I view data reporting as an integral part of authoritative journalism, and at its core, it isn’t that different from traditional reporting. Many stories start with questions that are inherently quantitative. My job, and the job of all data specialists, is to determine whether the data exists to answer that question and how to get as close to the truth as possible. To do this, I interview data, scrutinizing it for what it shows and identifying its weaknesses and contradictions.

In my career, I have strived to become equally proficient in data analysis and traditional reporting. Last year, for example, my analysis of child welfare data led me to West Virginia, where termination of parental rights happens more often and more quickly than anywhere else. I then reported in the field, interviewing characters that were used in the stories.

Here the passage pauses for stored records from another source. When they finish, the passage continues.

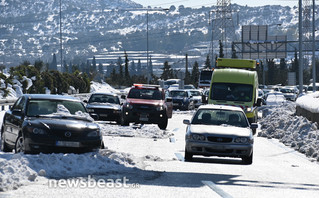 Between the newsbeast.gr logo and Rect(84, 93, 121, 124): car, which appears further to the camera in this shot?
Rect(84, 93, 121, 124): car

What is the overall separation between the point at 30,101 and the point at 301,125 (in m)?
11.1

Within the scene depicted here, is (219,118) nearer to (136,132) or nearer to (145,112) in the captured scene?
(136,132)

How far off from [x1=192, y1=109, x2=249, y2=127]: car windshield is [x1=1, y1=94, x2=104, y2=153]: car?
9.24 ft

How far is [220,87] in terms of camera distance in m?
30.1

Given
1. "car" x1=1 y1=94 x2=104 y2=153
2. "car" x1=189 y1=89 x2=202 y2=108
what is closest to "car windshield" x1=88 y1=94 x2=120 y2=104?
"car" x1=1 y1=94 x2=104 y2=153

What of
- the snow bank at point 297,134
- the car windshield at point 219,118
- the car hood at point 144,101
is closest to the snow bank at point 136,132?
the car hood at point 144,101

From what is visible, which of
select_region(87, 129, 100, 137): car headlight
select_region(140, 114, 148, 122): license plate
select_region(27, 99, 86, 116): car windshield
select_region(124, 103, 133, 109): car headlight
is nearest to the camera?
select_region(87, 129, 100, 137): car headlight

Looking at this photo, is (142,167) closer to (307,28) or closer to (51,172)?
(51,172)

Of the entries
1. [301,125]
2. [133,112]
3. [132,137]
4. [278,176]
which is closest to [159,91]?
[133,112]

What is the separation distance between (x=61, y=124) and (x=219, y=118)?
4.43 metres

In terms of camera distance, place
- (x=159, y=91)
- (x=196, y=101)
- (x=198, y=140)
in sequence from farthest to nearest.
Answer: (x=196, y=101) < (x=159, y=91) < (x=198, y=140)

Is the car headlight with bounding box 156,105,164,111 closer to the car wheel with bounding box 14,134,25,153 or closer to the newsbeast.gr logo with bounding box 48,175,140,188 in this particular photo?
the car wheel with bounding box 14,134,25,153

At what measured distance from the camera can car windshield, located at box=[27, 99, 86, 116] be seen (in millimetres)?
15727

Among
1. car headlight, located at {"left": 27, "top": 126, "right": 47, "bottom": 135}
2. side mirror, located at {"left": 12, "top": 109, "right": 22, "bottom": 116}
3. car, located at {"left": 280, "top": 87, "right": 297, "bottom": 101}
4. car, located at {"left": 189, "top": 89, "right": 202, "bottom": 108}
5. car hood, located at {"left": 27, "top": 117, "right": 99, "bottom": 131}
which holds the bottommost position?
car, located at {"left": 280, "top": 87, "right": 297, "bottom": 101} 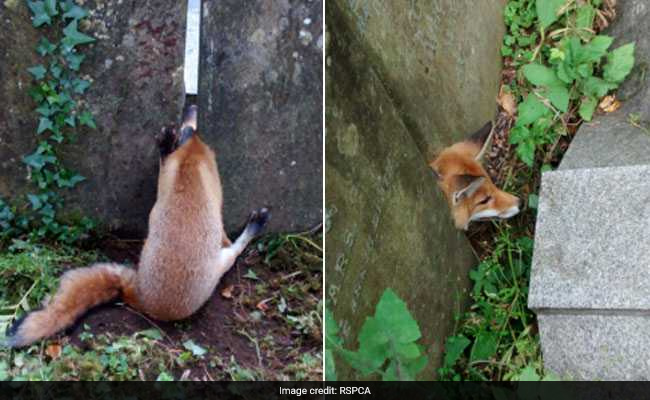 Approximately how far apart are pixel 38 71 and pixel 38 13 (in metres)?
0.27

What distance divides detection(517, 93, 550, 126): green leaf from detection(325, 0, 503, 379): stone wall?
283 mm

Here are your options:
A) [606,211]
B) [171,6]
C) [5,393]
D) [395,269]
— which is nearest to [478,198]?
[606,211]

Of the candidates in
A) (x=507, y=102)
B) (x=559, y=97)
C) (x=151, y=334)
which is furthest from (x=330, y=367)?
(x=507, y=102)

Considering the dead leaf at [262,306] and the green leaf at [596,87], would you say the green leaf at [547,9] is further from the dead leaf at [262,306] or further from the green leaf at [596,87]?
the dead leaf at [262,306]

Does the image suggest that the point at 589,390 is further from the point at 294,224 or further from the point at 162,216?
the point at 162,216

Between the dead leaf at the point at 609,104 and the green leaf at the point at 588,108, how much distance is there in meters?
0.05

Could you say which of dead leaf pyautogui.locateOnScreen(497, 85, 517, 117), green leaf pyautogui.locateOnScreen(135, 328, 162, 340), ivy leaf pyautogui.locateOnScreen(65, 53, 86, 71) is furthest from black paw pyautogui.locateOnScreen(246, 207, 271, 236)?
dead leaf pyautogui.locateOnScreen(497, 85, 517, 117)

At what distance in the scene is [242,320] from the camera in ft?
12.2

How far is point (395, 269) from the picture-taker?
324cm

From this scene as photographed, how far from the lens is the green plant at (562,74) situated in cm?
427

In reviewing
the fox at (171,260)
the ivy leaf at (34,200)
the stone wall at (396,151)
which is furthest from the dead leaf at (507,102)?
the ivy leaf at (34,200)

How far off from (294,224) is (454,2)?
57.4 inches

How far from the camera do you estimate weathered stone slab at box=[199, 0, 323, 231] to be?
3.76 m

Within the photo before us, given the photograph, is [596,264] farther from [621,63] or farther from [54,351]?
[54,351] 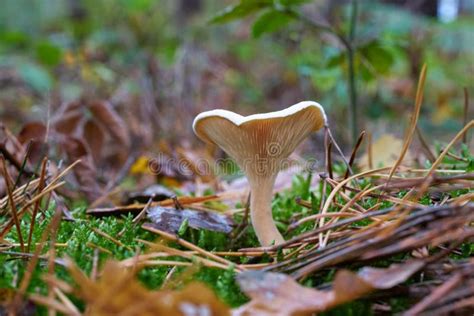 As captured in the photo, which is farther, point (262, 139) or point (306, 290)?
point (262, 139)

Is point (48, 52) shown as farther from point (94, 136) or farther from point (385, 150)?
point (385, 150)

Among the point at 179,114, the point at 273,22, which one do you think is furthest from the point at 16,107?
the point at 273,22

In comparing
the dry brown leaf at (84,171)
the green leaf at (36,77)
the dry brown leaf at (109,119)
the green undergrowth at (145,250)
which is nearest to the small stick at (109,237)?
the green undergrowth at (145,250)

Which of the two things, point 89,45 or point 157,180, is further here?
point 89,45

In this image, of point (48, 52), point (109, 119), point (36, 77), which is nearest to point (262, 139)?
point (109, 119)

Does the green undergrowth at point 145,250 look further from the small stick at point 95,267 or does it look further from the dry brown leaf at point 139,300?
the dry brown leaf at point 139,300

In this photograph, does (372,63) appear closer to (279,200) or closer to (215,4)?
(279,200)

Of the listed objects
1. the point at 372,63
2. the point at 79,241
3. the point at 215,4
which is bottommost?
the point at 79,241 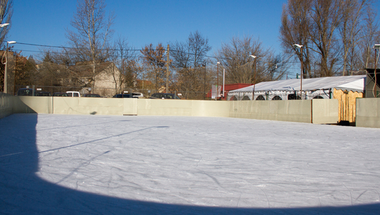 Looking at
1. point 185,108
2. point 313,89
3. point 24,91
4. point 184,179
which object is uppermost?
point 313,89

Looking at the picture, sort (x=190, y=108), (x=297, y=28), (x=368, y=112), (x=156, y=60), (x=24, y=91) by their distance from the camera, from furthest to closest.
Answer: (x=156, y=60) → (x=297, y=28) → (x=24, y=91) → (x=190, y=108) → (x=368, y=112)

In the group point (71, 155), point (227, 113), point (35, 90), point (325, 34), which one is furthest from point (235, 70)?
point (71, 155)

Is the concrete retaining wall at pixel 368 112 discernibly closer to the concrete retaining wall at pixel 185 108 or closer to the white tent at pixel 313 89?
the concrete retaining wall at pixel 185 108

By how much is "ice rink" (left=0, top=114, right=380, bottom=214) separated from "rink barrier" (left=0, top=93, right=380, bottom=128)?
9.63m

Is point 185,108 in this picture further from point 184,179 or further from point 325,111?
point 184,179

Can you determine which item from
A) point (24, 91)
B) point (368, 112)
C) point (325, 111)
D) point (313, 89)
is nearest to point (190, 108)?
point (325, 111)

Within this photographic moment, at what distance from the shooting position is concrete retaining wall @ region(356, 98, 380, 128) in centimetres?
1484

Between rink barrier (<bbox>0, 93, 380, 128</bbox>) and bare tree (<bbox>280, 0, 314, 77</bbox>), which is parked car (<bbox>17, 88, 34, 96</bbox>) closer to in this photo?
rink barrier (<bbox>0, 93, 380, 128</bbox>)

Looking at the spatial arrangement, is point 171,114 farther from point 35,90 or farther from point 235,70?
point 235,70

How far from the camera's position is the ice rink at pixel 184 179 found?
353 cm

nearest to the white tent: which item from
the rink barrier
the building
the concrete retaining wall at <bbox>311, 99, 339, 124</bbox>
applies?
the building

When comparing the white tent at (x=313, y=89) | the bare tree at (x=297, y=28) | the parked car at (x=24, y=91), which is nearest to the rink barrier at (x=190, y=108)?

Data journalism is also inherently collaborative, and I enjoy working with others to make projects better. I help host periodic data “office hours” to provide assistance to other reporters on staff. I have taught data journalism classes at conferences and in workshops with journalism organizations.

I’ve only worked as a professional journalist for five years, but I have gained a lot of experience in that time. I’m grateful for my colleagues at ProPublica who provide a constant source of inspiration and encouragement for the work I do. In particular, my editors Hannah Fresques and Ryann Grochowski Jones have been incredibly supportive of my desire to branch out of the traditional data reporter role.

Description of portfolio:

In many ways, my portfolio for 2022 represents a culmination of the five years I’ve worked as a data journalist professionally. It showcases a wide array of skills in nearly every aspect of data journalism, from analysis to visualization to on-the-ground reporting. My work last year uncovered troubling disparities in the child welfare system and predatory behavior by an energy utility in Michigan. And the work had measurable impact, leading to changes in leadership at child welfare agencies and investigations by legislators.

I’m most proud of the work I did on ProPublica and NBC News’s child welfare series, which covered the ineffectiveness of mandatory reporting laws, the pervasiveness of child welfare investigations in Black communities and the speed at which parents lose the right to parent their children. I led data analysis efforts for this investigation, which went beyond the prevailing narratives about state agencies either doing too much or too little to keep children safe. Instead, we revealed a system that deprives people of their rights in ways that neither protect children nor their families.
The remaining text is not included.